NEW YORK (Reuters) – U.S. stocks closed 2020 on a strong note, and many investors are betting the party will continue after a tumultuous year that marked both the end of the longest bull market and the shortest-lived bear market ever.
Risks abound, including a resurgent coronavirus pandemic, concerns about the speed of rollout of vaccines and high-stakes Jan. 5 U.S. Senate runoffs in Georgia for the balance of power in Congress. Still, many investors are looking past these threats.
“We are going to continue to see a push higher,” said Commonwealth Financial Network’s head of portfolio management, Peter Essele, who sees stocks in the early stages of a multi-year bull run.
The options market is pricing in more volatility in January than December, likely due to the Georgia elections. If Republicans win at least one Senate seat, they will maintain a slim majority.
If Democrats sweep the dual runoffs, the chamber would be split 50-50 and the tie-breaking vote would go to Vice President-elect Kamala Harris, giving President-elect Joe Biden’s party full sway over Congress. That raises the possibility of tax-reform proposals that many investors fear would hurt stock prices.
Still, most investors are not looking for a sharp pullback next year. BofA Global Research’s December fund manager survey was the most bullish.
The roll out of coronavirus vaccines has emboldened investors, along with the U.S. Federal Reserve’s expressed readiness to keep policy accommodative, strategists said.
Indeed, the U.S. stock market’s rally over the last two months may have taken even bulls by surprise. A late November poll found strategists expected the S&P 500 to end 2021 at 3,900, which would be another annual rise after the index rose about 16.3% this year to 3,756.07.

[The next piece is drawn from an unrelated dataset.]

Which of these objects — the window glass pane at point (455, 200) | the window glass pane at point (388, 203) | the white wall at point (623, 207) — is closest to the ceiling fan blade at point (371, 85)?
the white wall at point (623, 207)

The year 2020 was a wild one for Wall Street, bookended by the end of the longest bull market in history with the battering of equities by the COVID-19 shutdowns, and a bungee-cord rebound on hopes for economic recovery that resulted in the shortest bear market on record.
In prior bull markets, when the S&P 500 takes out its previous bull market high, the index has experienced a median gain of 38% over the span of 26 months before topping out, according to Bespoke Investment Group data.
Some investors fret the COVID-19 recovery may already be priced in and valuations may be stretched. The 12-month forward price-to-earnings ratio of the S&P 500 is currently about 22, well above its long-term average of 15.
Still, investors see several parts of the market, including financials, leisure and hospitality stocks and energy with potential to rally.
“The market, overall, does not seem overbought,” said Tim Ghriskey, chief investment strategist at Inverness Counsel.
Investors looking for a continued rally are optimistic of a rebound in corporate earnings.
“Earnings are going to be used as a confirmation of current pricing,” Essele said.
S&P 500 company earnings are forecast to increase about 23% in 2021 compared with 2020.
For much of this year increased market concentration has been a nagging worry for investors, with top five S&P 500 constituents generating 127% of the index’s return during the first nine months of the year, according to BlackRock’s calculations.
Technology’s weight in the S&P 500 currently stands at 28%, up more than 10 percentage points from its historical average since 1990, according to Bespoke.
“What we saw in November and December is that the market already started broadening out … beyond the tech stocks, the mega stocks,” said John Praveen, portfolio manager at QMA, a PGIM company, pointing to a strong showing by value stocks, shares of small caps and non-U.S. stocks.
The golden run by some high-flying growth names could continue, investors said.
“Do not count out those growth companies with dominant and emerging business models that can continue to meet or exceed lofty shareholder expectations,” said Tony DeSpirito, chief investment officer of U.S. fundamental active equity for BlackRock, in a note.
With vaccines being deployed investors are looking at “the light at the end of the tunnel,” said Praveen, who expects this year’s laggard stocks and sectors to join the rally in 2021.
“Think of it as your car firing on all cylinders… it’s a much broader, healthier rally,” Praveen said.